I think most of us hold the same moral code, regardless of our belief or non-belief.

I certainly hold the same moral code I did when I was a Christian – the rule most know as the “Golden Rule” and is found in nearly every culture and religion. It is a rule that is rooted in our most basic instinct of self-preservation.

For example, if I am slighted by “Joe” in some way, I may want to punch Joe in the face, but I don’t do it, because I don’t want Joe to punch me in the face. I don’t want you to steal from me, so I’d better not steal from you. Notice that there is no need for god in these moral exchanges.

I believe it is a myth that one cannot be moral without god. Numerous examples of purely secular societies exist today.
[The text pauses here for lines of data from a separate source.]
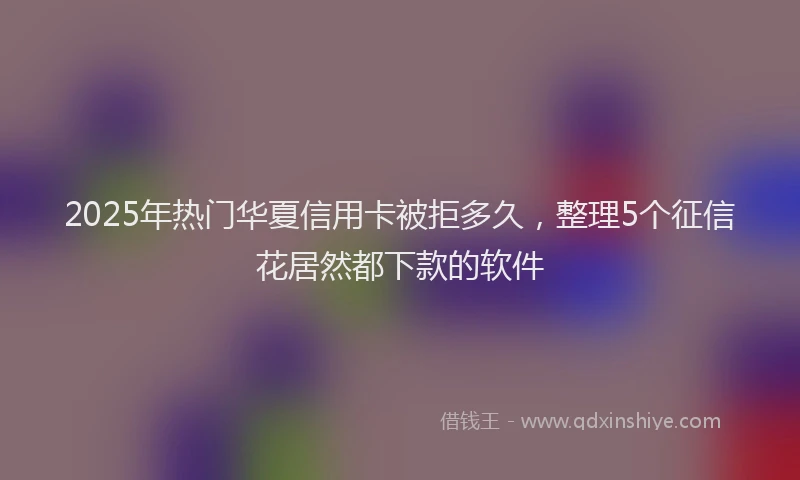 2025年热门华夏信用卡被拒多久，整理5个征信花居然都下款的软件
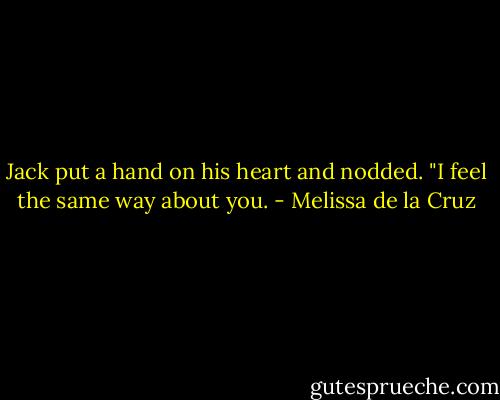 Jack put a hand on his heart and nodded. "I feel the same way about you. - Melissa de la Cruz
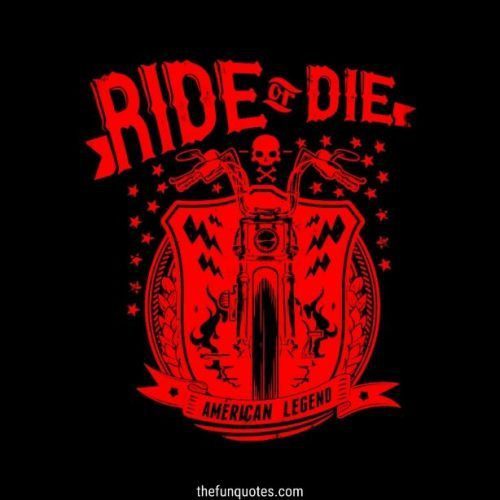 20+ Best Ride Or Die Quotes and Sayings | Ride or Die Quotes To Text ...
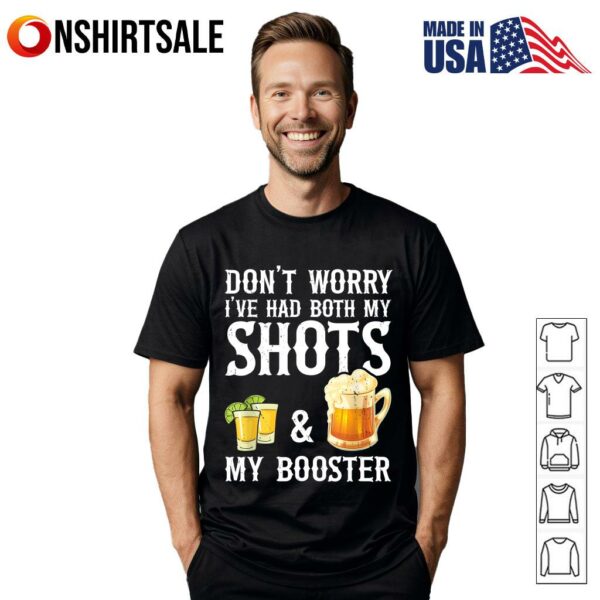 Don’t Worry I’ve Had Both My Shots And Booster Funny Vaccine T-Shirt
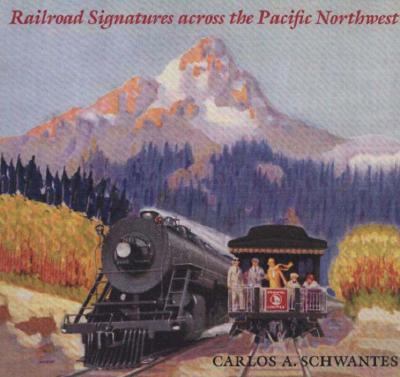 Railroad signatures across the Pacific Northwest /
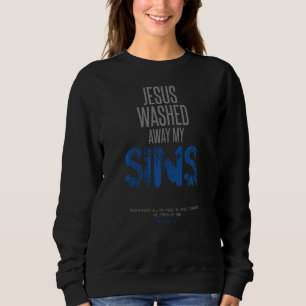Sweatshirt Jésus A Lavé Mes Péchés La Bible Chrétienne Script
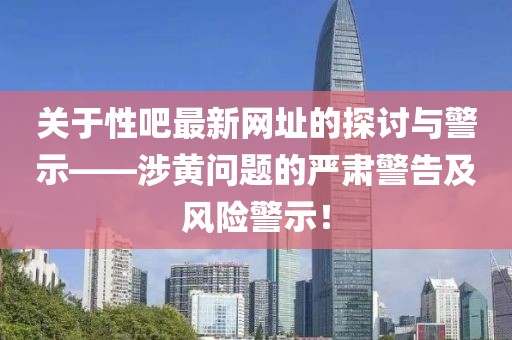 关于性吧最新网址的探讨与警示——涉黄问题的严肃警告及风险警示！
And many of them are having less trouble in this area than we are in moral-majority-Christian America.

It is extremely problematic to think one cannot be moral without the Abrahamic god (Christianity, Judaism, Islam). The Bible supports slavery – both Old and New Testaments – the owning of one human being by another (along with Biblical instruction on how to beat your slaves the “right” way, how to will them to your children after you die). That is all anyone needs to know about the Abrahamic god’s so-called morality.

I believe that my rejection of Christianity has more finely honed my sense of right and wrong. When I was a believer, I felt continually forced to perform mental gymnastics in order to reconcile “Biblical right and wrong” from my own moral sensibilities. For example, when I was a Christian, stories like God calling wild bears down to violently maul children who did nothing more than mock an old prophet’s baldness didn’t make sense to me, but because god reportedly did it, it most certainly had to be right in some way that was beyond my limited mind, and that was a source of enormous frustration. Because god was always “right,” I was forced to call clearly immoral behavior “right” as well.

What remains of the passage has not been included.